I had seriously planned to step in at some point during the battle and personally execute the her myself.

But those two Beastkin demigods had to dial everything up to cosmic levels, turning a tough fight into something that nearly swallowed the whole continent.

And then, in the end, the Eldest Born had proven strong enough to even kill a demigod—she would have snapped me clean in two without much effort.

My regenerative ability inside [Beast Demigod] only handled wounds on a not-so-serious scale. If something broke me in half, I would actually die for real.

But right now she was down, holding on by just a thin thread, nothing more than a sitting duck waiting for the final blow.

Her life force—that distinctive brimming white glow I had learned to sense like one of the anomalies—kept dwindling steadily, flickering like a bulb on the verge of burning out completely.

I kept moving forward, boots scraping against loose debris as I approached the smaller crater nestled beside the massive main one and its sheer cliff-like edge.

This smaller crater had formed when the Eldest Born desperately gathered thick, vine-like structures from her own shifting body and used them as a makeshift dome to shield herself in that final flash of the explosion.

The sight made something twist uncomfortably inside my chest. It felt... bad. Almost wrong.

Trying to kill something that had fought so hard in those last moments just to keep living.

But she wasn’t really a person.

She was a thing.

A dangerous, parasitic thing that I and Titania had unwittingly helped gave rise to, something that viewed every other living being simply as food or a potential host.

Ending her was my responsibility, plain and simple.

I reached the rim of the smaller crater and paused, looking down into its shallow depths.

There she was; the trembling and fidgeting woman, completely alone now.

She lay on her back near the center, her body still mostly destroyed after the damage the battle had forced upon her.
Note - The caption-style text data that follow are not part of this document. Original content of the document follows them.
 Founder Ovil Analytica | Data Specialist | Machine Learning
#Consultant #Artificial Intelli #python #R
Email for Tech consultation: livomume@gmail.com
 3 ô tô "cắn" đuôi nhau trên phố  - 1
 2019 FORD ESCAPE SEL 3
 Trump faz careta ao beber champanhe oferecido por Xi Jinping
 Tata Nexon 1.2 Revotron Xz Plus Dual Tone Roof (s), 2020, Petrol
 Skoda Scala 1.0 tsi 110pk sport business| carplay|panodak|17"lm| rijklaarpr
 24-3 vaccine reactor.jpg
Her golden pupils stared blankly upward at the darkened sky with that same dead, empty expression she had always worn.

The heavy smoke from Leodog’s attack had completely shaded the already dimming sun orb of Fairylynch, casting everything in a gloomy, ashen twilight.
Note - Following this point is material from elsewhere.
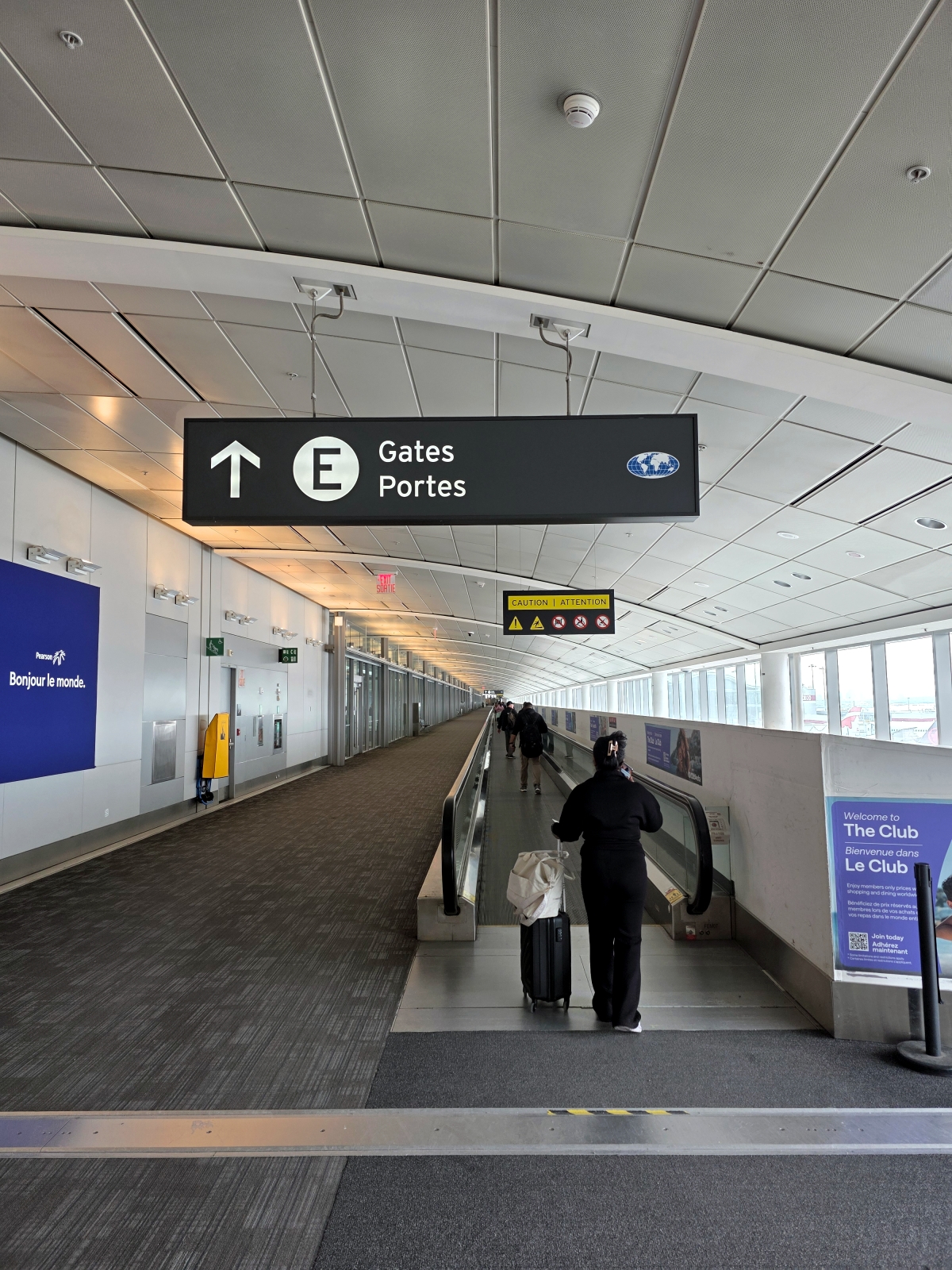 Terminal E moving walkway at Toronto Pearson Airport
Wait... this stuff drifting down from the massive clouds had to be bad for people.

It felt like microscopic soot slowly settling across my skin, a fine, irritating dust that made my throat feel slightly scratchy.

Fallout? Maybe.

The kind of lingering aftermath that could poison the land for years if left unchecked.

Even when I appeared, walking into the crater without bothering to hide my footsteps—my boots crunching loudly on loose stones and cracked earth—she remained completely still, alone, her gaze fixed on that dark, smoke-choked sky above.

She didn’t turn her head, and she didn’t react at all to my presence.